Lead Research Organisation: University of Essex
Department Name: History

Abstract

The project will provide the first study of the IWGC's treatment of the Indian dead of the Great War. Since its creation in 1917 the IWGC/CWGC has prided itself on its commitment to equality in commemoration. Not only was there no distinction of military rank in their graves and memorials, there was also no distinction between the dead of the colonies, the dominions and the British metropole. All had died as members of the British Empire, and the Empire, through the IWGC, would commemorate them all equally. However, the television documentary The Unremembered: Britain's Forgotten War Heroes (C4:2019) claimed that the IWGC had not always lived up to its founding standards, summarized in the Kenyon Report (1918) as 'all, whatever their military rank or position in civil life, should have equal treatment in their graves'. The Unremembered demonstrated that many thousands of the colonial dead in east Africa had not been commemorated by name and that many of the cemeteries that contained their bodies may have been abandoned. Imperial ideologies thus appeared to have shaped commemoration, separating African troops and labourers from the white British soldiers in death as in life.
In response, the CWGC formed a committee to investigate global historical inequalities in commemoration after the Great War, publishing the Report of the Special Committee to review historical inequalities in commemoration in April 2021. The Report found that between 45,000-54,000 (primarily Indian and African) dead of the Great War had been treated unequally - some commemorated collectively on memorials rather than in individual graves, and others (recorded as missing) named in registers rather than in stone.

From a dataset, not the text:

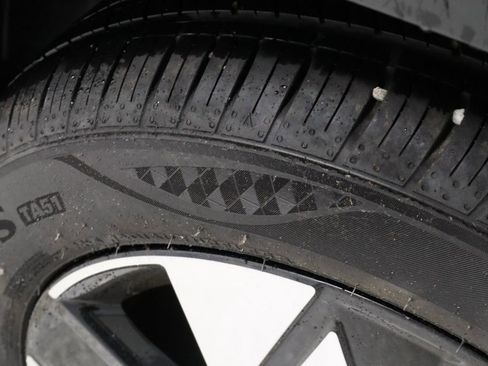 Certified 2025 Hyundai Kona SEL FWD image 20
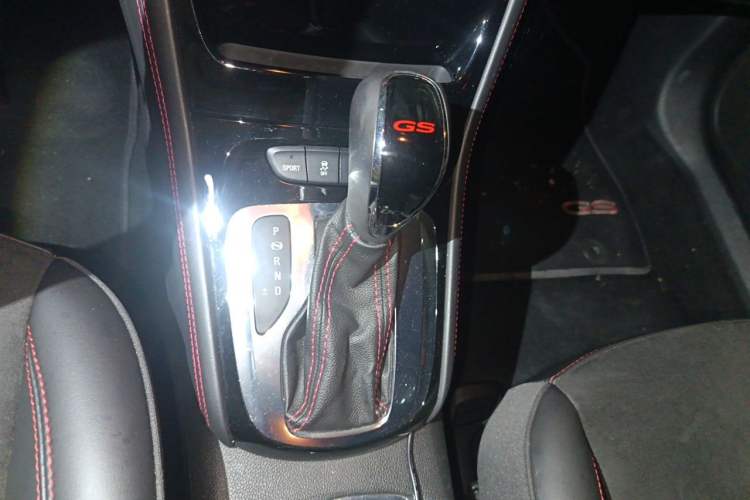 Used Buick Verano 2016 Hatchback GS 20T Dual-Clutch Passionate Sporty Model Gear Lever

Additionally, the Special Committee estimated that between 116,000 and 350,000 dead may not have been commemorated at all. In some instances, across Africa, the Middle East and India, imperial ideologies were allowed to shape the operations of the IWGC, with the perceived 'state of civilisation' of the dead often determining their treatment in death and commemoration. The Report also found that in recent years when the CWGC uncovered inequalities in commemoration it had corrected these, but that 'despite identifying problems and quietly putting them right, it is fair to say that the CWGC has not gone looking for them.' Among its recommendations was the suggestion that the CWGC should continue to search for the non-commemorated dead, seek to further understand and be transparent about these 'difficult histories', that recovered names should be inscribed on physical memorials, that digital memorials should be considered, and that the CWGC should engage in a programme of engagement and education, working closely with communities under-represented in commemoration (Connelly and Noakes have advised the engagement and education team at the CWGC).
This CDA will extend the work of the Special Committee, which focused on the work of the IWGC across Africa and the Middle East in the Great War's aftermath. It will draw on the archives of the CWGC, material in the National Archives, the Indian Office at the British Library and the cemetery and records at Neuve Chapelle to examine the commemorative treatment of the Indian dead on the Western Front and elsewhere. The Western Front was the focus of the IWGC's work in the aftermath of the Great War, and some 4,653 Indian troops and labourers who have no known grave are commemorated on the Indian memorial at Neuve Chapelle, France. Over 8,550 of the 140,000 men sent by Imperial India to the Western Front were killed. However, the Indian Army provided another six expeditionary forces for theatres outside Europe, and treatment of the dead of these units will provide the sources for comparison with the treatment of those who died on the Western Front.